Solutions offered to your credit and safety questions

SANDUSKY Times are tough. You're working hard for your money, and you want to protect it.
Tom Jackson
May 24, 2010

 

SANDUSKY

Times are tough. You’re working hard for your money, and you want to protect it.

In the final Solutions town hall meeting the Register hosted to provide advice, experts offered tips on how to protect your property and credit rating. Here are some of their best ideas:

Q. How can I keep my property and myself safe?

A. Lock your car doors every time you park, and don’t leave valuables in plain sight inside the car, said former Sandusky police chief Kim Nuesse. Park the car in a well-lit place.

Lock your doors at home, keep the yard well-lit and consider installing inexpensive motion-sensor lights.

Introduce yourself to your neighbors. Keep an eye on their homes when they are gone and collect their newspapers until they return. If they know you and your routine, they are more likely to call police if they see something suspicious.

A dog at home can also deter burglars.

If you think somebody might be following you or planning to attack, be proactive. Duck inside a store and let the person go by. Cross the street.

Q. What if I’m struggling to pay my debts or bills?

A. Talk to your lenders about the situation.

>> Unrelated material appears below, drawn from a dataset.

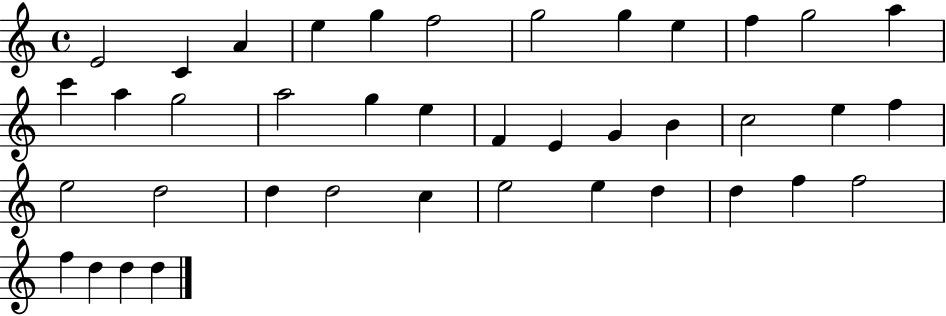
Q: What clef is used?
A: treble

“We don’t want to repossess vehicles. We don’t want to foreclose on homes,” said Jamie Garcia of Vacationland Federal Credit Union. “If you’ve just been laid off, go in, speak to your lender. It’s always better to communicate than to hide.”

Contact the Consumer Credit Counseling Service, a nonprofit that offers free help. The Sandusky office is at 419-625-3433.

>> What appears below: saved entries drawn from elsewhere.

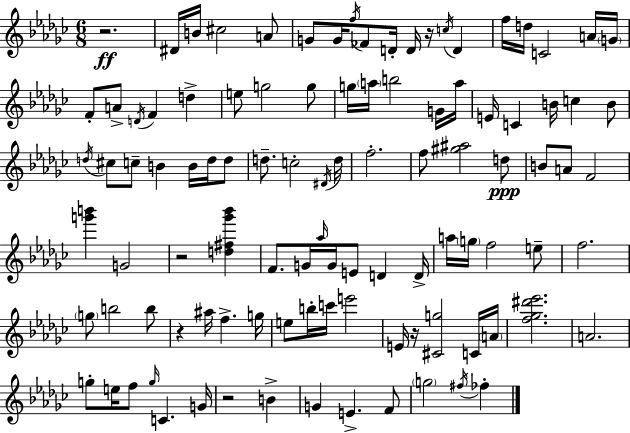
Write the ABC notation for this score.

X:1
T:Untitled
M:6/8
L:1/4
K:Ebm
z2 ^D/4 B/4 ^c2 A/2 G/2 G/4 f/4 _F/2 D/4 D/4 z/4 c/4 D f/4 d/4 C2 A/4 G/4 F/2 A/2 D/4 F d e/2 g2 g/2 g/4 a/4 b2 G/4 a/4 E/4 C B/4 c B/2 d/4 ^c/2 c/2 B B/4 d/4 d/2 d/2 c2 ^D/4 d/4 f2 f/2 [^g^a]2 d/2 B/2 A/2 F2 [g'b'] G2 z2 [d^f_g'_b'] F/2 G/4 _a/4 G/4 E/2 D D/4 a/4 g/4 f2 e/2 f2 g/2 b2 b/2 z ^a/4 f g/4 e/2 b/4 c'/4 e'2 E/4 z/4 [^Cg]2 C/4 A/4 [f_g^d'_e']2 A2 g/2 e/4 f/2 g/4 C G/4 z2 B G E F/2 g2 ^f/4 _f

Use free services such as the CCCS rather than businesses that charge a hefty fee. Check with the Better Business Bureau to find a good nonprofit, said Jason Leher of CCCS.

If you can’t find the right agency for your particular problem, dial 211.

Q. Is filing bankruptcy a good idea?

A. It should not be a first resort, particularly if you owe a relatively small amount of money or you know you’ll need access to credit.

“The bankruptcy attorney is not going to be the guy trying to borrow money,” said Jim Nabors, a vice president of Citizens Bank. A nonprofit such as Consumer Credit Counseling Service may be able to help if you are struggling with debt.

Still, bankruptcy is a better option than pillaging your 401(k) and other savings and can be the best option in a bad situation, said Tim Ott of Union National Mortgage.

Q. What can I do to avoid identity theft?

A. Shred unsolicited credit card offers and other mail that has personal information. Shred the document so that the shredder cuts across the lines of writing.

If you seem to have become a victim of identity theft — for example, a collection agency is trying to collect a debt you never ran up — file a report with the police department and call a credit reporting agency to report fraud.

Q. If a bank sends me an e-mail asking me to log in and enter my information, what should I do?

A. Delete the message.

“They would never ask you for it, certainly not by e-mail,” Ott said.